MORGANTOWN, W.Va. — The Big 12 was mighty proud that nine teams participated in bowl games last season, and some of its coaches claimed the nine-game round-robin is a tougher slate than teams face in the divisioned superconferences.

But football programs and their reputations cannot live by conference games alone, and that’s why it’s a shame some Big 12 teams are trotting out nonleague opponents that don’t warrant watching from the couch much less battling stadium traffic.

Sure, many major-college teams are guilty of feasting on cupcakes, but season ticket-buyers have a reasonable expectation to see their school play at least one sexy intersectional matchup per season. Anything less is downright unsportsmanlike, and in the case of the Big 12—which lacks the year-end splash of a conference championship game—it potentially undermines the perception of league’s strength.

With an eye toward this fall’s opponents and those of upcoming seasons, let’s call out the Big 12 teams most guilty of padding their win totals and laud the ones willing to play real competition in September:

LITTLE SISTERS OF THE POOR
Check out the nonleague “tests”—if that term even qualifies—awaiting Baylor the next eight seasons:

2013: Wofford, Buffalo, La.-Monroe
2014: SMU, Northwestern State, at Buffalo
2015: at SMU, Lamar, Rice
2016: Northwestern State, SMU, at Rice
2017: at SMU, Texas-San Antonio, Duke
2018: at Texas-San Antonio, at Duke, SMU
2019: at SMU, Texas-San Antonio, at Rice
2020: Liberty, at SMU and TBA

Over an eight-year span, Baylor has five games against FCS teams and only two against a team (Duke) from the “power five” conferences. The highlight is freaking Duke. That’s paltry. (2013 grade: F … Long-term: F).
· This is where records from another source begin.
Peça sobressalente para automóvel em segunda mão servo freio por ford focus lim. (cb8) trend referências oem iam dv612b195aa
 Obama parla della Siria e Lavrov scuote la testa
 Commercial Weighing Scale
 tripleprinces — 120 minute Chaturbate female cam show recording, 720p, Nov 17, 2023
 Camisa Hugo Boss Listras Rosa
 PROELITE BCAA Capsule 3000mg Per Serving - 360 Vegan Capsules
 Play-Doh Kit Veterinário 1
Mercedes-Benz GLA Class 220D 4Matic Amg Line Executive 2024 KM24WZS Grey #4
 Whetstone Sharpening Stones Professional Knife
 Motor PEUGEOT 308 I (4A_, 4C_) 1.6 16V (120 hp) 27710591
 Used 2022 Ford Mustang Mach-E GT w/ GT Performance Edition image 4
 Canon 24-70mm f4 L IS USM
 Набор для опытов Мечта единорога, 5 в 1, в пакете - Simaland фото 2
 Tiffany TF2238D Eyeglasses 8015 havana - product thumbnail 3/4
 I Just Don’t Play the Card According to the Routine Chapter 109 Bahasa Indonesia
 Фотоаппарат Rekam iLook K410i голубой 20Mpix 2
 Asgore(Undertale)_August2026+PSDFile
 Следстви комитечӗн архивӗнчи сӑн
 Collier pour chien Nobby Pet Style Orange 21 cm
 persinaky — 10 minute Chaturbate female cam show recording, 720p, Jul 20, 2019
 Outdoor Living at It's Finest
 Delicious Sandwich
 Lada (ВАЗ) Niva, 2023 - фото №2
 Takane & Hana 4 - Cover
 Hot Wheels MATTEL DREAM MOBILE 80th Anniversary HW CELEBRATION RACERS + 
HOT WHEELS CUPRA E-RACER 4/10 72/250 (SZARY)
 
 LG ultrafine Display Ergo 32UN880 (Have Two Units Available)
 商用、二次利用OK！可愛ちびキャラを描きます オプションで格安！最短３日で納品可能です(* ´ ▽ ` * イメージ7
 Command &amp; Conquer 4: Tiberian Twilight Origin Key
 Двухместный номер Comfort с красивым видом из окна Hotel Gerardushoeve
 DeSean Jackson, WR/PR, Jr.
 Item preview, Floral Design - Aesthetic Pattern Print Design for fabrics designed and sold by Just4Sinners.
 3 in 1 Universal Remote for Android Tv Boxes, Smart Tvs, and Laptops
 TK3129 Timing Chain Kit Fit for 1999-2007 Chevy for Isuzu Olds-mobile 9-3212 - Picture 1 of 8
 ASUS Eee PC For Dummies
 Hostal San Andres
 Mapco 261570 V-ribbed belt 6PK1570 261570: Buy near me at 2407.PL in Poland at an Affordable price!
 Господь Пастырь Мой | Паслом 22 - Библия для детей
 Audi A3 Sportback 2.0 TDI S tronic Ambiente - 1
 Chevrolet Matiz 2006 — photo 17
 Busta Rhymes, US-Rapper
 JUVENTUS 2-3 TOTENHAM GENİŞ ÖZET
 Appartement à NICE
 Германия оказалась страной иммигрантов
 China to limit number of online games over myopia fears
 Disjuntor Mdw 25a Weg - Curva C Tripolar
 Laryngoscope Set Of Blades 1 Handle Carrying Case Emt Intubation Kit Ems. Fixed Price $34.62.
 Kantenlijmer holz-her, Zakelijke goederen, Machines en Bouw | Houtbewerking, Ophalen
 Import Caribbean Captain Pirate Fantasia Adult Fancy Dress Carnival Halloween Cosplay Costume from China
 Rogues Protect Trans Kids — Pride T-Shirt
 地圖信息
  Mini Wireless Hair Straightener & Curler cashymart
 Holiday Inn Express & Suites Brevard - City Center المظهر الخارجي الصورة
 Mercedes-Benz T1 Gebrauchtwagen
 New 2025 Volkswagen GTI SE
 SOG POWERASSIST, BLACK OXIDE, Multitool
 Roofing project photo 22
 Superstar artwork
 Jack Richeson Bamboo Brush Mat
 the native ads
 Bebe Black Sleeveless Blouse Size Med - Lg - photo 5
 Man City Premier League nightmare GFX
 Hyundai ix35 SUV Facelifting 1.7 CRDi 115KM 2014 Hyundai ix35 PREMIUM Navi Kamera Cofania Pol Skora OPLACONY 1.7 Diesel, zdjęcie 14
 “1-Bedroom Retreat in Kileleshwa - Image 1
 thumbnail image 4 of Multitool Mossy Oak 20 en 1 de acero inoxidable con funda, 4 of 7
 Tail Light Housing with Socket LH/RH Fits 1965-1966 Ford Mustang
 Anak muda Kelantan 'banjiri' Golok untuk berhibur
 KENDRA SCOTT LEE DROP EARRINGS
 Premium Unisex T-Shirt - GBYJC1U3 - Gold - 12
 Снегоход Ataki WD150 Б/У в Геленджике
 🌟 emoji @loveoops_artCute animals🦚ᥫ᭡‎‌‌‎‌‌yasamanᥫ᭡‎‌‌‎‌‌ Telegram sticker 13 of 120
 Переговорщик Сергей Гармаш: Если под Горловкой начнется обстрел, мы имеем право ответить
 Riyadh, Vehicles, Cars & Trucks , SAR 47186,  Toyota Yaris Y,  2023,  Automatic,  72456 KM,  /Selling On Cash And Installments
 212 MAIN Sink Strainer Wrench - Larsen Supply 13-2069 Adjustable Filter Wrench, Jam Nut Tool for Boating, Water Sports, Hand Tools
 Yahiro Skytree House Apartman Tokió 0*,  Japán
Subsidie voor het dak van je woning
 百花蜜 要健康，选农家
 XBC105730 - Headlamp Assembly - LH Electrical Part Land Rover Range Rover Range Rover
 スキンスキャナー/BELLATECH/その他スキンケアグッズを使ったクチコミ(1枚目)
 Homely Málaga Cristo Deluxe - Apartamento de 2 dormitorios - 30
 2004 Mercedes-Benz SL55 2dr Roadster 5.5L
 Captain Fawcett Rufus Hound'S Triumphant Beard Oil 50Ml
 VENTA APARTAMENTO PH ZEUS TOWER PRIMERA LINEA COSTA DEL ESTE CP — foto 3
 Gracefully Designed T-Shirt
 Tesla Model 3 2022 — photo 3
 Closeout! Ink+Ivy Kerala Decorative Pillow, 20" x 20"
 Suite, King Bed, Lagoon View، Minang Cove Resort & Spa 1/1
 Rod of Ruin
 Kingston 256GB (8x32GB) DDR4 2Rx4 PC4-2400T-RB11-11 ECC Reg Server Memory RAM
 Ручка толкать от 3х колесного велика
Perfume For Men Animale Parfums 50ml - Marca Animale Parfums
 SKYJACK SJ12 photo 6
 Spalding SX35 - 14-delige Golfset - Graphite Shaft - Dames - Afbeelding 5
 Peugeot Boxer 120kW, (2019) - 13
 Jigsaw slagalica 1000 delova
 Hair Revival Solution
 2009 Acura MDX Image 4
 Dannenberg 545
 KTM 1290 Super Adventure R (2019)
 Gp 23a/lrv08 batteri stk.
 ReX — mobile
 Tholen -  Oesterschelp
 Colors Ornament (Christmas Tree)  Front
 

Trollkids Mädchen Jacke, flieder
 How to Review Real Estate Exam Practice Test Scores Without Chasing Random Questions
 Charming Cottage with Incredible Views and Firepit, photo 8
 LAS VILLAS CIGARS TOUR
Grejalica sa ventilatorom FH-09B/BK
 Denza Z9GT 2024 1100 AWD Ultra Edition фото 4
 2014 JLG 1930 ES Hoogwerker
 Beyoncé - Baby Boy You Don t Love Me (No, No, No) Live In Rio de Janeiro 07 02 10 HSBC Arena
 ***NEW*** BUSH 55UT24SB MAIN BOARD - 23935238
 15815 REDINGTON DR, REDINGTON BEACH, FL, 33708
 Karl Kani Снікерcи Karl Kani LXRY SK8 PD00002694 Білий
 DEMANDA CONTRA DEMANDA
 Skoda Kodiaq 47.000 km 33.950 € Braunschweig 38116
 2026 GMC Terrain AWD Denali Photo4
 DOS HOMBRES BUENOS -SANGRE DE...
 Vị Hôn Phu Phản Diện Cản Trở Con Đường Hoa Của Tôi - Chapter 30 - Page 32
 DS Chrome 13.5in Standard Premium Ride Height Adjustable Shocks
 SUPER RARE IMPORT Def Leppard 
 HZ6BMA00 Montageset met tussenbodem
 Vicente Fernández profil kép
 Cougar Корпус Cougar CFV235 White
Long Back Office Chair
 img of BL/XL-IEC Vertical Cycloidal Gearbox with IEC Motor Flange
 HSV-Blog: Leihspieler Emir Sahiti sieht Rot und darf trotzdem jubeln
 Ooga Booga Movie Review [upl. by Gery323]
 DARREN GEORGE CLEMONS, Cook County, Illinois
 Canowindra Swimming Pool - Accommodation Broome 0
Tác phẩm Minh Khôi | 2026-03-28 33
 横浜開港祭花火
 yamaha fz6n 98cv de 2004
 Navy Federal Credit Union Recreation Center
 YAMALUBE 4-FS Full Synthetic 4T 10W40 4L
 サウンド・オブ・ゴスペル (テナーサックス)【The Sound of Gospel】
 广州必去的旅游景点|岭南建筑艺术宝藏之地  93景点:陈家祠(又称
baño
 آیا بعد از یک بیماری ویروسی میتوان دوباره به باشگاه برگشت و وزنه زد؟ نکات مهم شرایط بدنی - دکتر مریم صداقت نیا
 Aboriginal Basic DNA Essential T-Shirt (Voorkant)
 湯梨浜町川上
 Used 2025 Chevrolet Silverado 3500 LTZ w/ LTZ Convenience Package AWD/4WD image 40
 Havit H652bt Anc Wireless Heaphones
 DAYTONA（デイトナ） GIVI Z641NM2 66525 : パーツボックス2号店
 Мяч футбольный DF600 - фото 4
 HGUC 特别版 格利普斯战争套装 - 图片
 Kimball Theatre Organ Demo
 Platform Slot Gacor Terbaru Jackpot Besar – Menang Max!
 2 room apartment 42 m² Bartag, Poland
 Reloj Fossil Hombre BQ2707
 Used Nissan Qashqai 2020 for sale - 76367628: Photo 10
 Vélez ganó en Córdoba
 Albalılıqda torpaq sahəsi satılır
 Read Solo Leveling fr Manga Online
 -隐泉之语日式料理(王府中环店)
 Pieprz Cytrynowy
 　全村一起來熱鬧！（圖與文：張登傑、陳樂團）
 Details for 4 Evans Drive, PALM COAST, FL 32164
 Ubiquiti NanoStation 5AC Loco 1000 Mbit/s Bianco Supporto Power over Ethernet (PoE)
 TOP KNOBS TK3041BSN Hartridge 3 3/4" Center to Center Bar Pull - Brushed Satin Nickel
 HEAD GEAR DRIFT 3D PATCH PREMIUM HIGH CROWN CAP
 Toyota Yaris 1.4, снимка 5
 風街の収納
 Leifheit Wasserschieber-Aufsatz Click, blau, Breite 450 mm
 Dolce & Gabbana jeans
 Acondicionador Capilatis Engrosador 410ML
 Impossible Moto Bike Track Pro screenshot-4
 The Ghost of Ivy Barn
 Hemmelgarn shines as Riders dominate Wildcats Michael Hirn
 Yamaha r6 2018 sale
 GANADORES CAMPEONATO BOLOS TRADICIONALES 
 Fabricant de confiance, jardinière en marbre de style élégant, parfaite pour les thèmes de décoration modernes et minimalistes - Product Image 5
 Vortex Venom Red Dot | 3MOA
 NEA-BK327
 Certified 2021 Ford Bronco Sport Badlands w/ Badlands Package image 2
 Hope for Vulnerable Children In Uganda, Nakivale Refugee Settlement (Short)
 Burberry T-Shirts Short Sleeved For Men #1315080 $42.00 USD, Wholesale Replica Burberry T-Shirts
Don’t snicker, Kansas fans. Your team’s only brushes with power-5 opponents over the next six seasons involve a trip to mighty Duke in 2014 and a home-and-home with Rutgers in 2015-16. This year’s mix—South Dakota, Rice and Louisiana Tech—lacks heavy-hitters, though Tech may be favored against the Jayhawks. (2013 grade: F … Long-term: D-minus)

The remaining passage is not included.